## TO DO
With pictures omitted, output the records below exactly as they appear.

[Stored data entries]
____
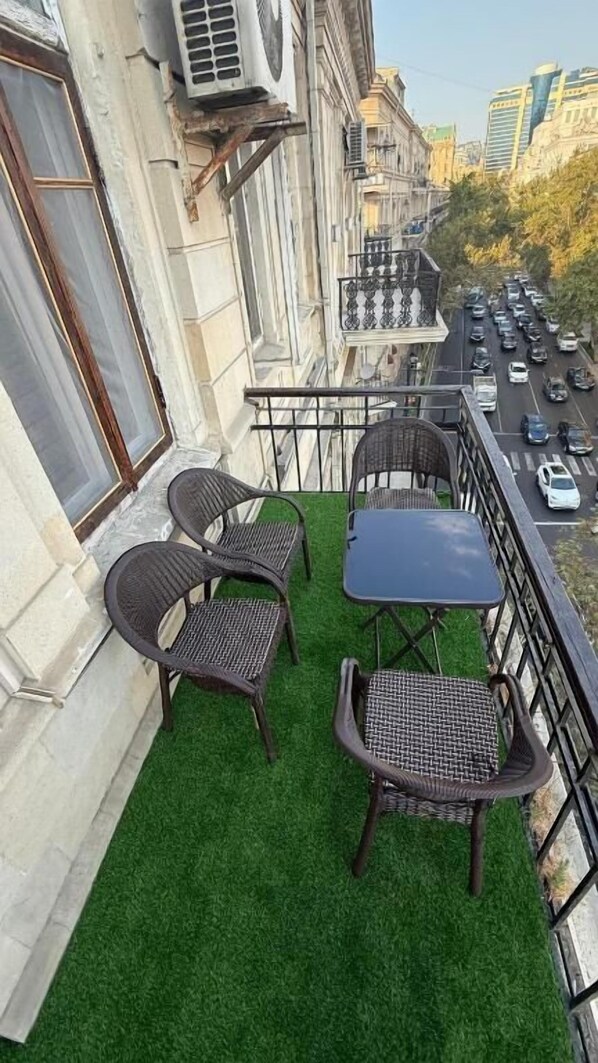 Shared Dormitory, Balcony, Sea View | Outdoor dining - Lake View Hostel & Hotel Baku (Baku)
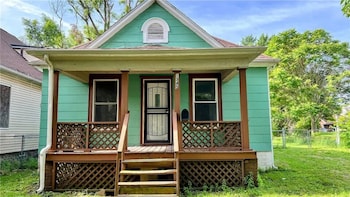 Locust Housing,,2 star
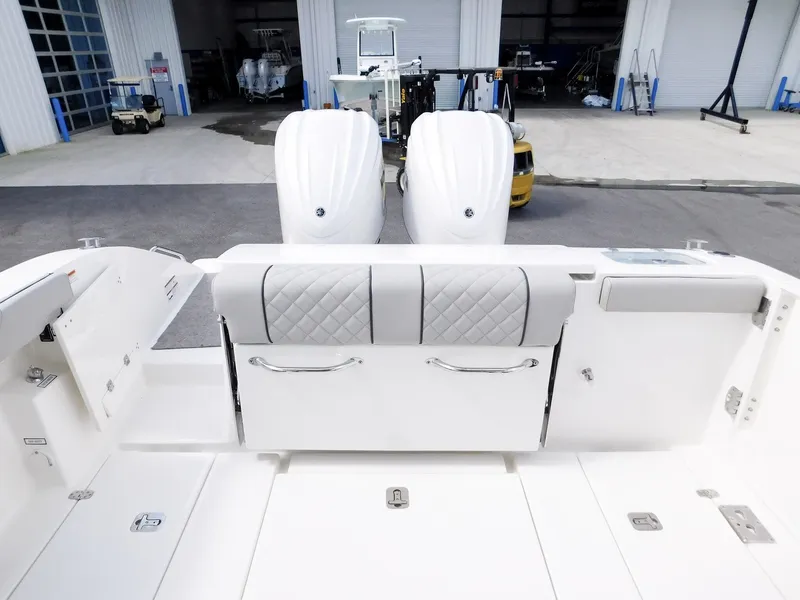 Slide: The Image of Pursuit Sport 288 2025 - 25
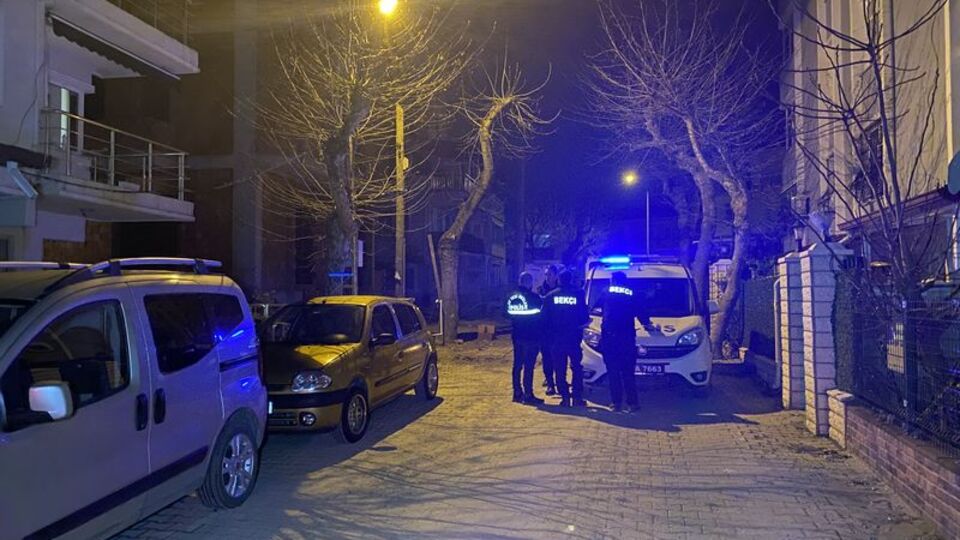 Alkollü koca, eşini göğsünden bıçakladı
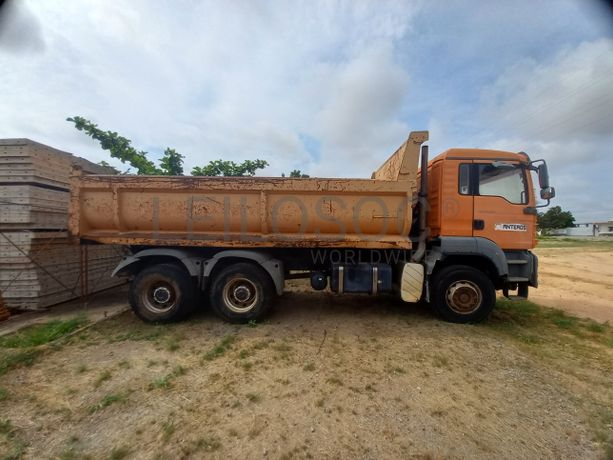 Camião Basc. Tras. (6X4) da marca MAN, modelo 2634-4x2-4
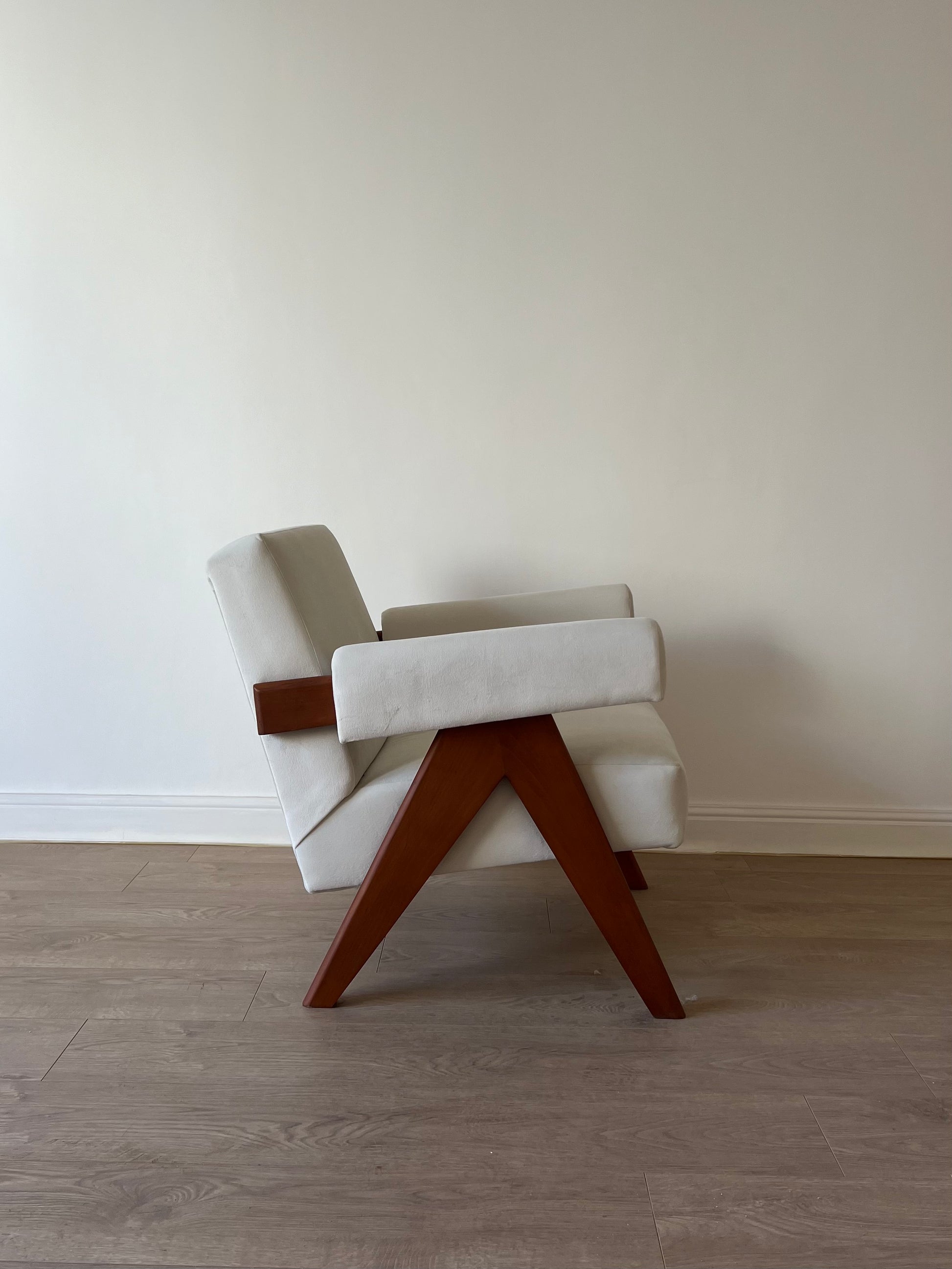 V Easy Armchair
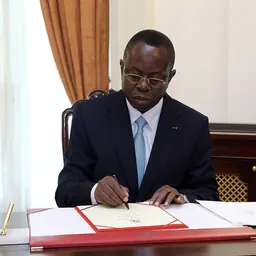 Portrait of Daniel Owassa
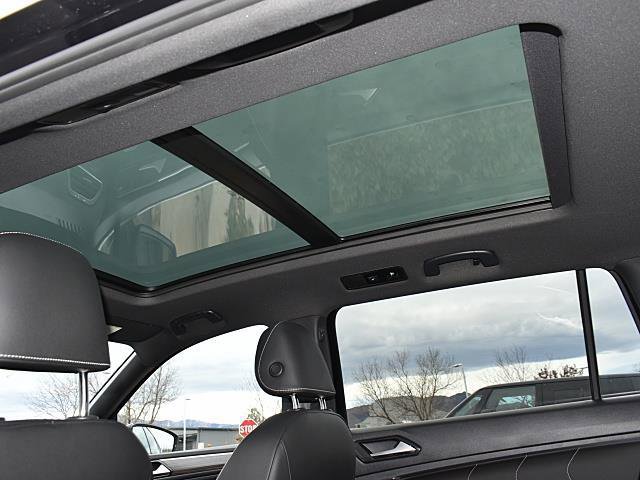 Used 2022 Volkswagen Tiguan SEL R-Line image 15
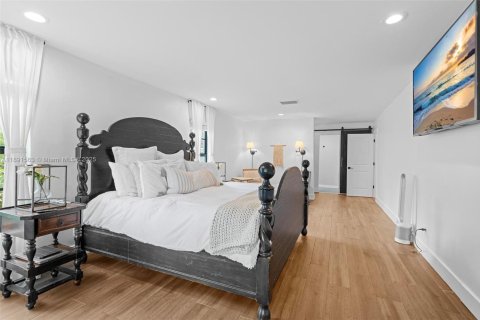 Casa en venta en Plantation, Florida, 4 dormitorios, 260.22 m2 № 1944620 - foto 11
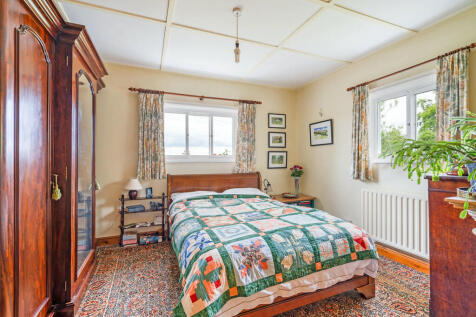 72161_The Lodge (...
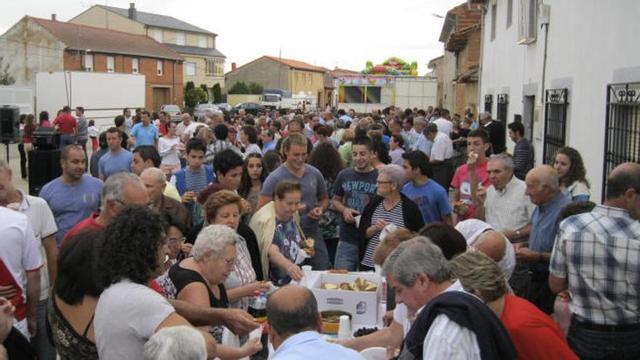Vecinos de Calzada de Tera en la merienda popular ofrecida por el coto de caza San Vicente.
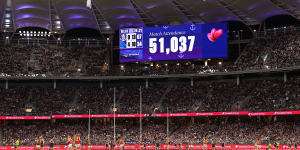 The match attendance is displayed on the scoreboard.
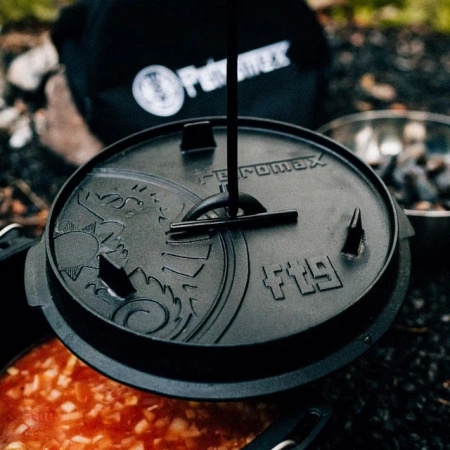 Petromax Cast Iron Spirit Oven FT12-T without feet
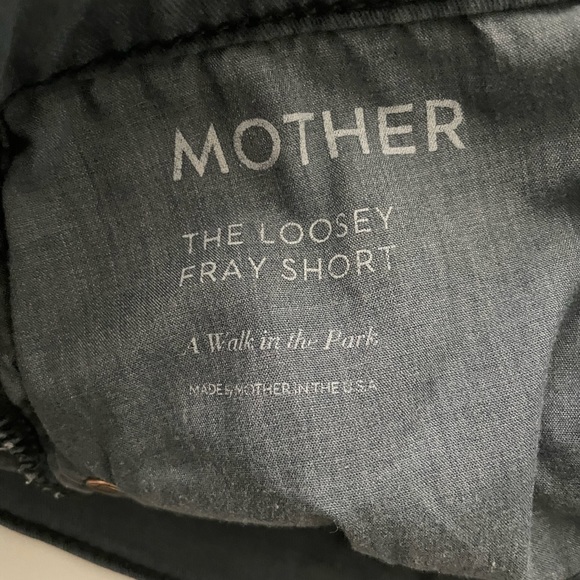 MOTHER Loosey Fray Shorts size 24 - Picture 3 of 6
____
## EXERCISE RESULT
 Shared Dormitory, Balcony, Sea View | Outdoor dining - Lake View Hostel & Hotel Baku (Baku)
 Locust Housing,,2 star
 Slide: The Image of Pursuit Sport 288 2025 - 25
 Alkollü koca, eşini göğsünden bıçakladı
 Camião Basc. Tras. (6X4) da marca MAN, modelo 2634-4x2-4
 V Easy Armchair
 Portrait of Daniel Owassa
 Used 2022 Volkswagen Tiguan SEL R-Line image 15
 Casa en venta en Plantation, Florida, 4 dormitorios, 260.22 m2 № 1944620 - foto 11
 72161_The Lodge (...
Vecinos de Calzada de Tera en la merienda popular ofrecida por el coto de caza San Vicente.
 The match attendance is displayed on the scoreboard.
 Petromax Cast Iron Spirit Oven FT12-T without feet
 MOTHER Loosey Fray Shorts size 24 - Picture 3 of 6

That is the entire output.